Task to complete:
Once the pictures are set aside, transcribe each line of the listing exactly.

Data section:
★ ★ ★ ★ ★ ★ ★
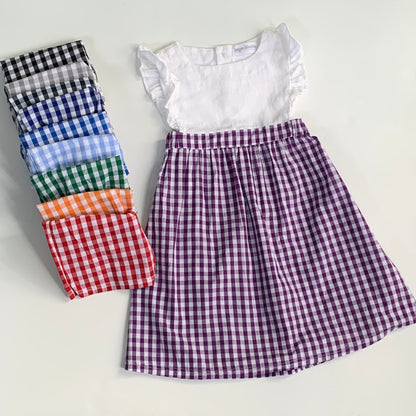 Gingham Sun Dress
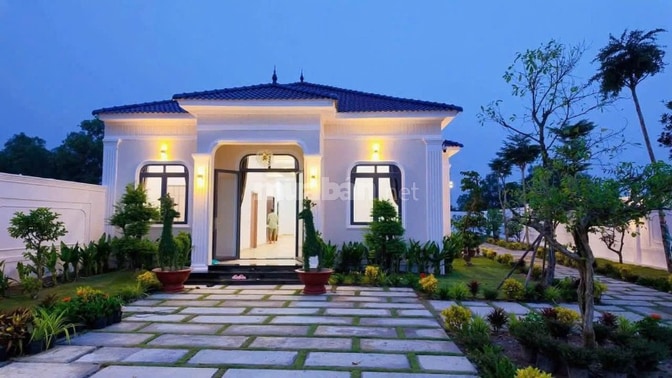 BIỆT THỰ NGHỈ DƯỠNG ĐỨC LẬP – TÂY NINH | 1.100M² – HỒ BƠI RIÊNG – VIEW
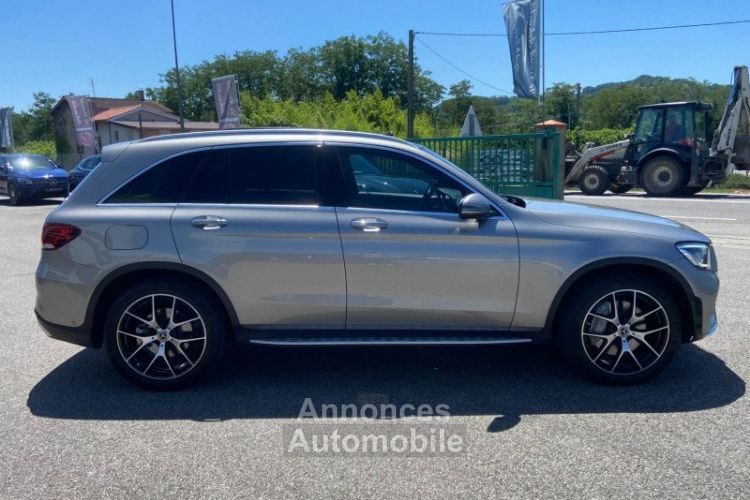 Mercedes GLC 220 D 194CH AMG LINE 4MATIC 9G-TRONIC - <small></small> 33.990 € <small>TTC</small> - #4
★ ★ ★ ★ ★ ★ ★
Response area:
 Gingham Sun Dress
 BIỆT THỰ NGHỈ DƯỠNG ĐỨC LẬP – TÂY NINH | 1.100M² – HỒ BƠI RIÊNG – VIEW
 Mercedes GLC 220 D 194CH AMG LINE 4MATIC 9G-TRONIC - <small></small> 33.990 € <small>TTC</small> - #4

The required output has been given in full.